1. Introduction and abstract
The League of Nations was founded in 1919 in the wake of World War I with the goal of preserving global peace and security, limiting the spread of armaments, and resolving conflicts through negotiations and international arbitration. Following World War II and the failure of the League of Nations to achieve its goals, the United Nations was created in 1945.
The creation of the UN was undoubtedly one of the most far-sighted, civilized, creative, and enlightened initiatives in human history. It was and remains one of the most powerful, momentous, and influential organizations in the lives of states, peoples, and individuals. This colossal international organization was conceived as working to regulate international relations, maintain and protect the rights of peoples, and spare innocents and civilians the blight of war and armed conflict by entrenching freedom, democracy, and the equality of nations, as peoples and individuals, men and women alike, regardless of race, color, or religion. It also sought to firmly establish instruments for non-interference in the internal affairs of others, give peoples the right of self-determination and spur them to emancipation and independence, support human life and social welfare, and promote the rule of law, justice, and respect for obligations arising from treaties and other sources of international law.
The idea of creating a new, ideal international administration may be currently unimaginable, but this will doubtlessly be the goal of coming generations. Against the failure of the first global experiment (the League of Nations), the second experiment (the UN) perhaps seems more mature, experienced, and entrenched than its predecessor, despite the clear flaws and dysfunction in many of its mechanisms of operation, particularly the clear dominance of the Security Council and its permanent members over UN proceedings and decisions and over the policies of the International Monetary Fund (IMF).
The UN granted permanent members of the Security Council functions and absolute authorities over its other members in Articles 24 and 25 of Chapter V of the UN Charter. It is perhaps clear to all now that the UN Charter lacks any clear method by which to hold the Security Council accountable for mistakes.
In addition, the unseen poles of the financial and banking system have benefited from spread of war, and the government and individual debt has grown. Indeed, the budgets of most states have been overburdened due to military spending and fiscal problems resulting from the greed of bankers and the dominance and control of the financial system. For the first time in human history, we have an amorphous, shapeless financial system that seems like a phantom. This runs counter to human values, common sense, and the values of ethical action. We now see atrocious images arising from extreme levels of debt, both among countries and individuals, as well as the high levels of poverty, unemployment, migration from south to north, the collapse of the social and moral system, the spread of political and financial corruption, environmental changes, and an unprecedented increase in the planet’s temperature. (The opaque nature of the financial system is evidenced by the fact that most countries, though they are not all indebted, do not know and cannot clearly identify their creditors.)
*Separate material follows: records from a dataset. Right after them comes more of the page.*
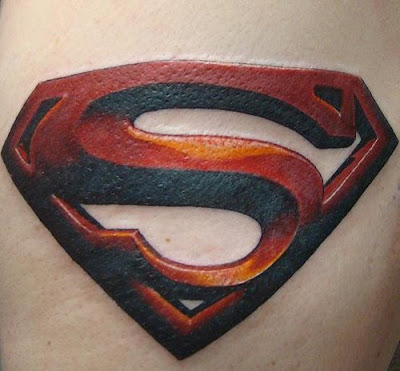 Labels: 3D tattoo, nice tattoo, superman tattoo, tattoos for men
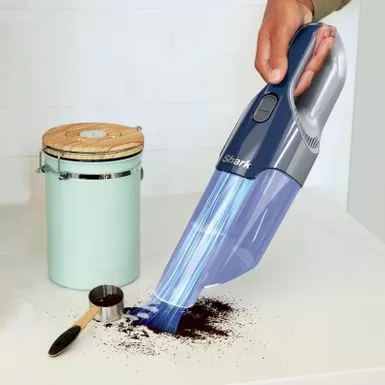 Shark - Cyclone PET Handheld Vacuum With HyperVelocity Suction, PetExtract Hair Tool - Navy Blue 4 Shark - Cyclone PET Handheld Vacuum With HyperVelocity Suction, PetExtract Hair Tool - Navy Blue - Image 2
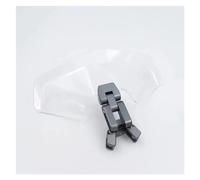 wind deflector screen For G310 GS For 2017-2024 For G310GS Moto Windshield Deflector Adjustable Accessories Heighten Extension Windscreen(Light grey)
The monetary system suffers from the same centralized control as the political system. The failure of the IMF and the World Bank to manage the monetary and financial aspects of the world is clearly demonstrated, especially in their failure to achieve economic prosperity and a dignified life for countries and individuals. Numerous countries around the world are burdened by heavy debt and debt service, even to the point of bankruptcy, as a result of heeding the counsel and prescriptions of the IMF and its inequitable conditions. The world, especially poor and developing states, are led by a band of anonymous bankers who care nothing for the lives of peoples and individuals, their long suffering, or environmental and climate change, absent any authority or oversight. “Practically speaking, the recommendations of the IMF and its authorities have annulled democratic practices in most countries’ parliaments, for most financial and economic bills are simply the translation and application of IMF recommendations. Parliaments vote for IMF resolutions and recommendations under threat of state bankruptcy.”
In addition to the above, the UN Charter contains no provisions for the prevalent financial system (the IMF Articles of Agreement preceded the UN, and the relationship between the UN and the IMF is unclear), although IMF policies have caused the biggest problems faced by humanity, the environment, and the climate on the planet.
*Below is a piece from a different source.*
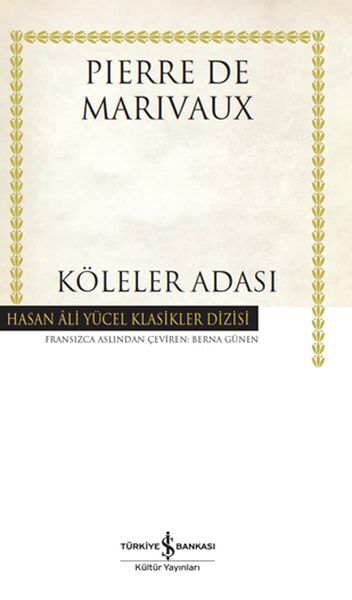Köleler Adası (Ciltli)  PIERRE DE MARIVAUX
Seventy years after the UN was founded, it is therefore necessary, indeed incumbent, to introduce some changes and reforms to the structure, goals, and instruments of this important, venerable organization. These reforms and amendments must promote the financial and political independence of the UN and extend to it the capacities and prerogatives needed to play its role in influencing all member states without exception, discrimination, or bias, regardless of the financial, political, and military power of member states. The goal is to enforce UN resolutions for all member states through a clear, fair, honest, and impartial mechanism. In addition, a review and assessment of UN accomplishments and performance over the preceding period must be conducted, as well as a review of the UN Charter and the IMF Articles of Agreement, to enable the organization to function positively and effectively, meet new challenges in the spread of global peace, and develop its work in economic, financial, environmental, social, cultural, and human arenas.
Despite this bleak picture, there must be a third “white revolution” [Translator’s note: a radical reform] in order to create a new world that looks toward a fairer, more equal, and more secure and peaceful future. This should build on the strengths of the UN as an imposing international edifice, benefiting from the cumulative experience of its various agencies, arms, divisions, and branches and drawing on this 70-year human legacy.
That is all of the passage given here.